Records for this exercise:
== == ==

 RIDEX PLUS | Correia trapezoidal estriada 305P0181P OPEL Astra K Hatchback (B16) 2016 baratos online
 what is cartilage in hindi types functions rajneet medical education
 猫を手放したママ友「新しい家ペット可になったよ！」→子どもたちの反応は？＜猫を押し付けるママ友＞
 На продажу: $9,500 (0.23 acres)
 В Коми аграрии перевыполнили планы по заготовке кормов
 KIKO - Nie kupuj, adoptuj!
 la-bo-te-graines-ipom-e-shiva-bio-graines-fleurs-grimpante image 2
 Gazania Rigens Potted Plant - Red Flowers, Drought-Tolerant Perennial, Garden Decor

== == ==

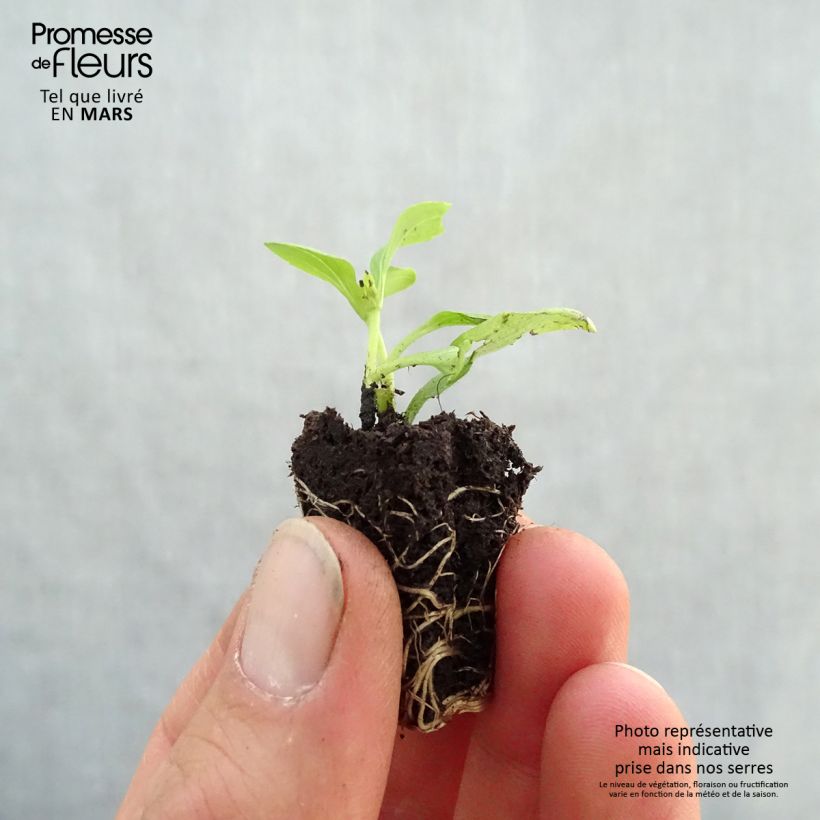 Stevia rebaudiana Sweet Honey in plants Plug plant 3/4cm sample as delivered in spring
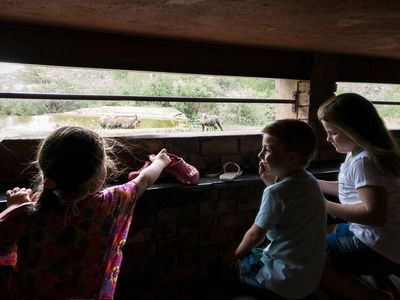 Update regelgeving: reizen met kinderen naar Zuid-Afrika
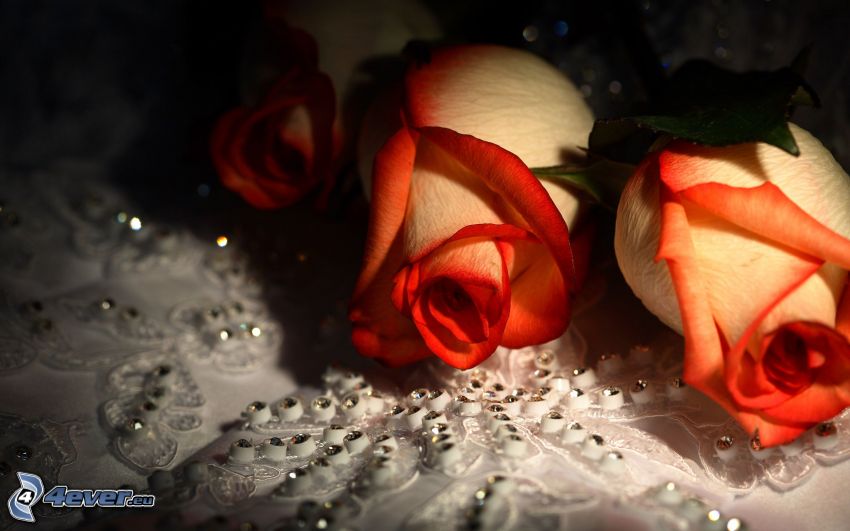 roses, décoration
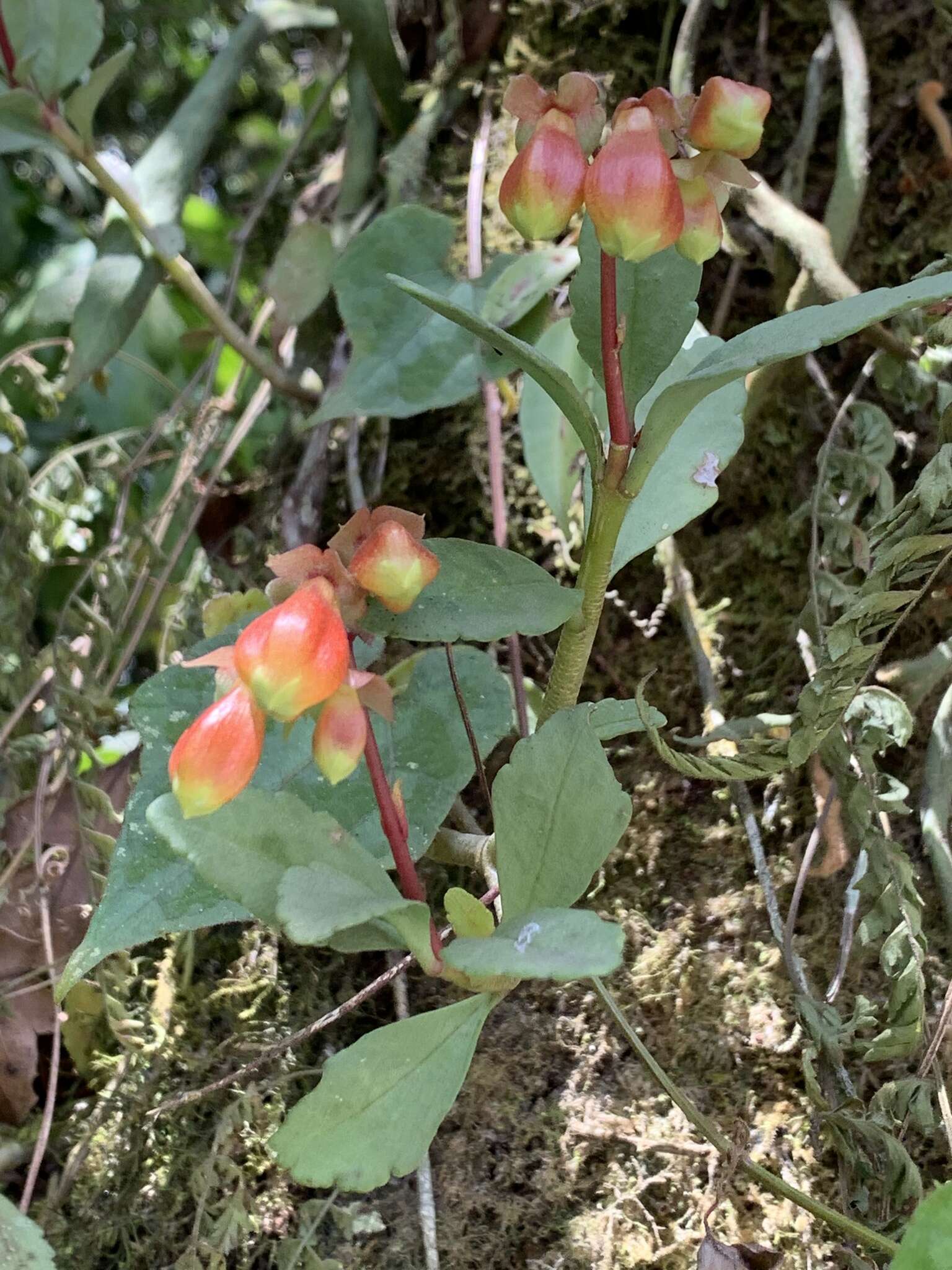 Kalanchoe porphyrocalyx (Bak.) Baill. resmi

== == ==

Above are the records. Print exactly, and only, the lines from the line with "RIDEX PLUS |" to the line with "Gazania Rigens Potted", both inclusive.

 RIDEX PLUS | Correia trapezoidal estriada 305P0181P OPEL Astra K Hatchback (B16) 2016 baratos online
 what is cartilage in hindi types functions rajneet medical education
 猫を手放したママ友「新しい家ペット可になったよ！」→子どもたちの反応は？＜猫を押し付けるママ友＞
 На продажу: $9,500 (0.23 acres)
 В Коми аграрии перевыполнили планы по заготовке кормов
 KIKO - Nie kupuj, adoptuj!
 la-bo-te-graines-ipom-e-shiva-bio-graines-fleurs-grimpante image 2
 Gazania Rigens Potted Plant - Red Flowers, Drought-Tolerant Perennial, Garden Decor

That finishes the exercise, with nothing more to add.